WORK REQUIRED:
Copy the lines below as they are; omit the images they contain.

STORED DATA:
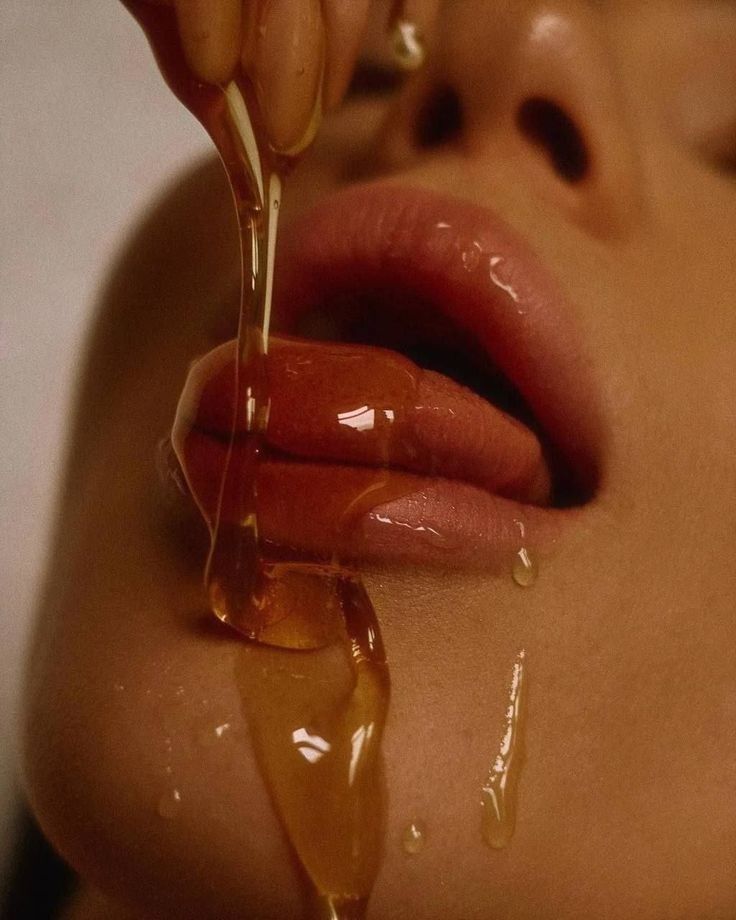 a woman is covered in caramel syrup while getting her lips brushed by someone else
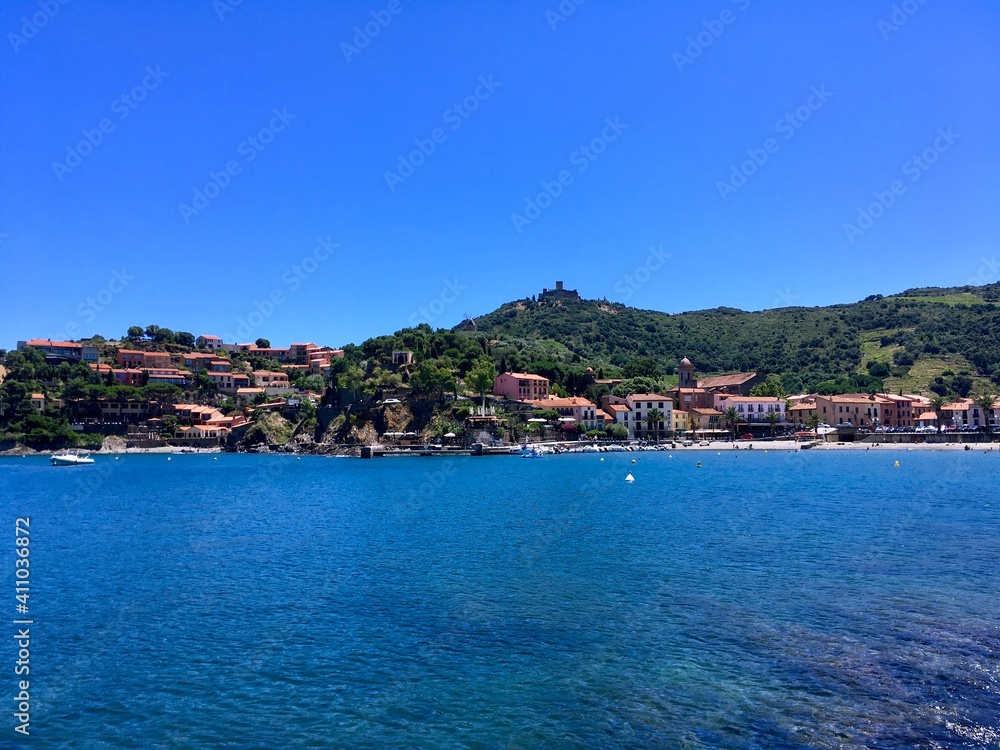 scenic view of Collioure by the mediterranean sea  against blue sky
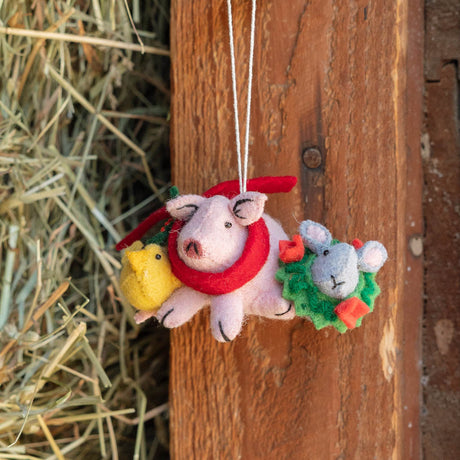  Our Festive Farm Animals Ornament brings together an adorable pink pig, a fluffy yellow chick, and a sweet gray bunny, all bundled up for the holidays. The pig wears a cozy red scarf with festive holly leaves, while the bunny sports a whimsical green holiday wreath with bright red bows. 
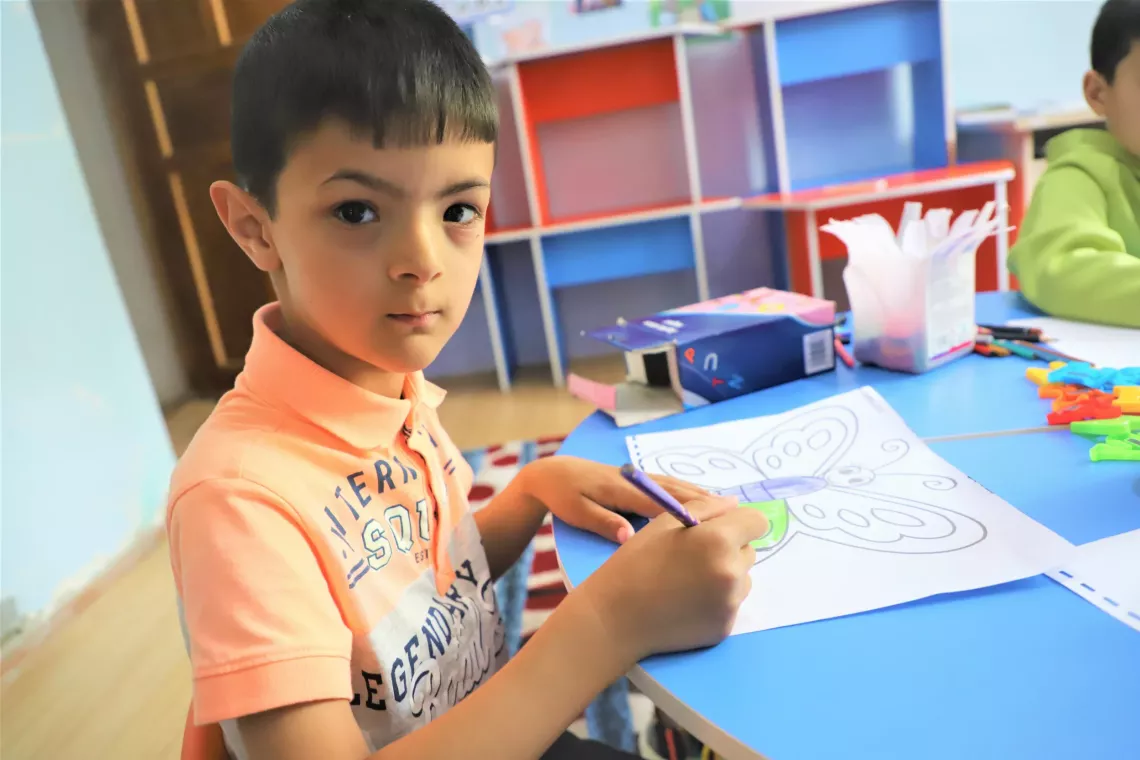a little boy is drawing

RESULT OF THE EXERCISE:
 a woman is covered in caramel syrup while getting her lips brushed by someone else
 scenic view of Collioure by the mediterranean sea  against blue sky
  Our Festive Farm Animals Ornament brings together an adorable pink pig, a fluffy yellow chick, and a sweet gray bunny, all bundled up for the holidays. The pig wears a cozy red scarf with festive holly leaves, while the bunny sports a whimsical green holiday wreath with bright red bows. 
a little boy is drawing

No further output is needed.